# Centripetal Motion and Force

*Something that makes the world go round*

Centripetal motion deals with the motion of an object traveling through a circular shape. Examples of this can be seen when a cart moves around on a Ferris wheel or even a satellite orbiting above earth. They all follow circular or elliptical paths. However, it is important to remember that the object does not have to travel in a full circle in order to have centripetal motion. Airplanes that make a turn and cars that travel across a curved road are both examples in which objects travel partial circles. However, the question still lies as to how these objects stay in a circular path. Centripetal motion tries to answer these questions.

**How does it stay in a circle?**

The objects stay in a circular path because of the concept of centripetal acceleration (CA).
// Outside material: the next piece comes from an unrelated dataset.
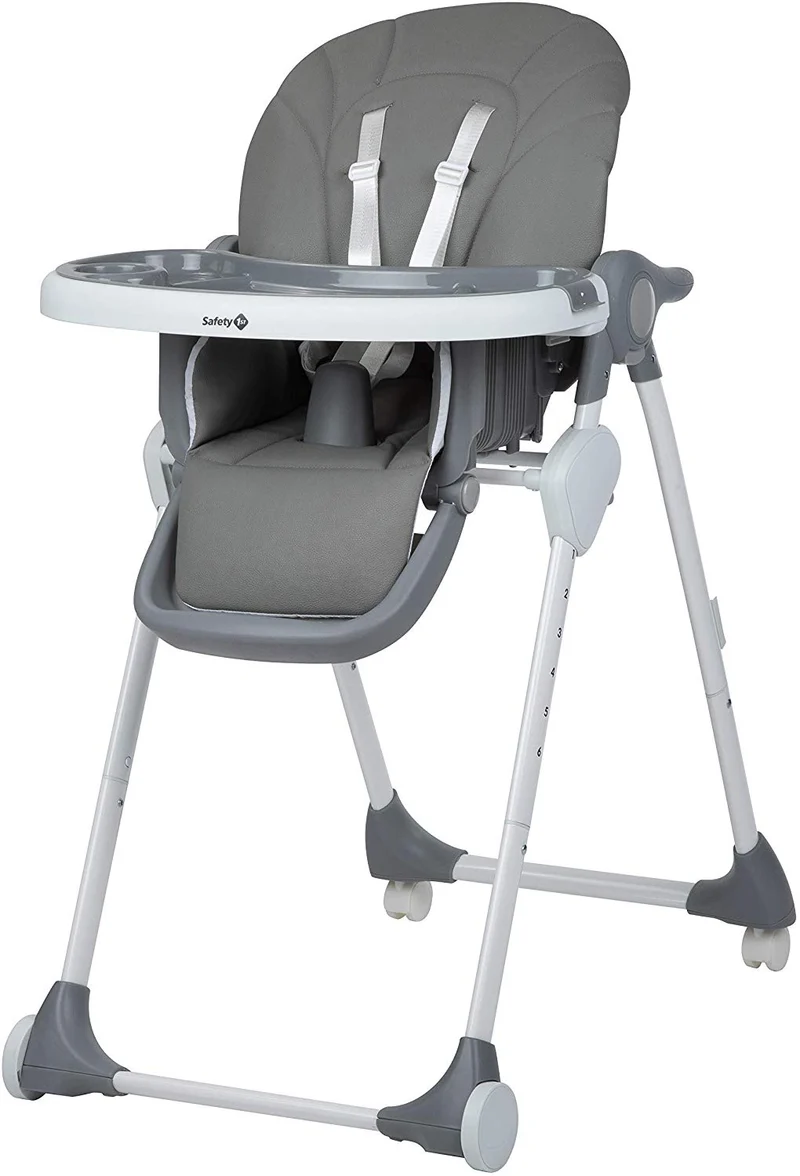 Safety 1st Seggiolone Pappa Pieghevole Looky Warm Grey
The object is constantly accelerating towards the middle of the circle, thus preventing the object from flying off the circular path. For example, imagine what would happen if, as you were twirling a ball on a string, the string broke. Would the ball continue to spin in a circle or would it fly off in a particular direction?

Naturally, the ball would fly off in a particular direction. This is its natural state. However, the string is keeping the ball moving in a circular motion, so the string is exerting a centripetal force that keeps the ball going in this circular motion. Any time there is a force, there is an acceleration, in this case a centripetal acceleration.
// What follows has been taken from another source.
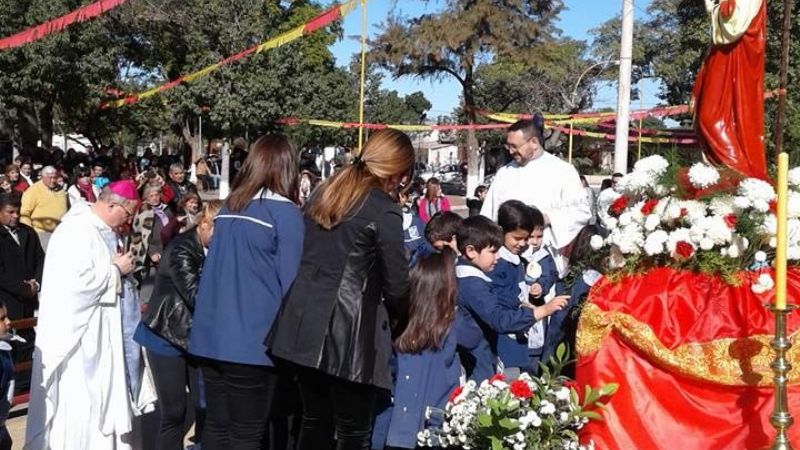 Festejos en honor al Corazón de Jesús en Chumbicha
In physics, you’ll see this equation for centripetal acceleration written as:

Centripetal Acceleration (a_{c}) =v^{2}/r

Where v is the **tangential** velocity of the object and r is the radius of the circle as it travels around. Tangential velocity is the velocity at which the ball would "fly off" in the above example and is always tangent to the curve.
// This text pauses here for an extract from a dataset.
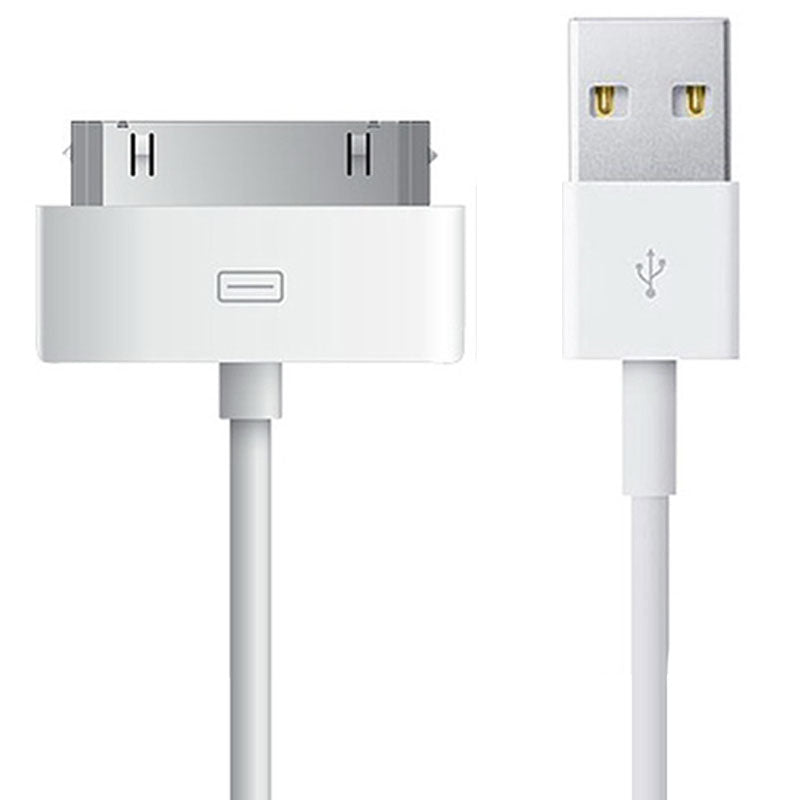 Кабель USB Hoco UP301 Apple 30-pin iPhone 4 Білий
**What is centripetal force?**

As we mentioned above, any time there is an acceleration and a mass, there is a force because of Newton's second law. In this case, the force we are dealing with is called the Centripetal Force. The Centripetal Force is defined as F_{c}=ma_{c}, which is Newton’s Second Law, just applied to a circle. Knowing that centripetal acceleration is the tangential velocity squared divided by the radius (as mentioned above), expanding it gives us:

F=mv^{2}/r

Therefore, this force keeping an object with mass in a circular motion must have centripetal acceleration and is directed towards the middle. The magnitude of the force varies depending on the situation. In the ball with a string, the tension force in the string keeps the ball in place.

**Don’t get confused between force and acceleration**

Centripetal acceleration and centripetal force may seem like they’re the same thing, but they’re not. Centripetal acceleration explains the motion of the object in the circle while the centripetal force is the influence that keeps the object in the circle. As vectors, both are pointed towards the center, but one is a force vector and the other is an acceleration vector—two very different things.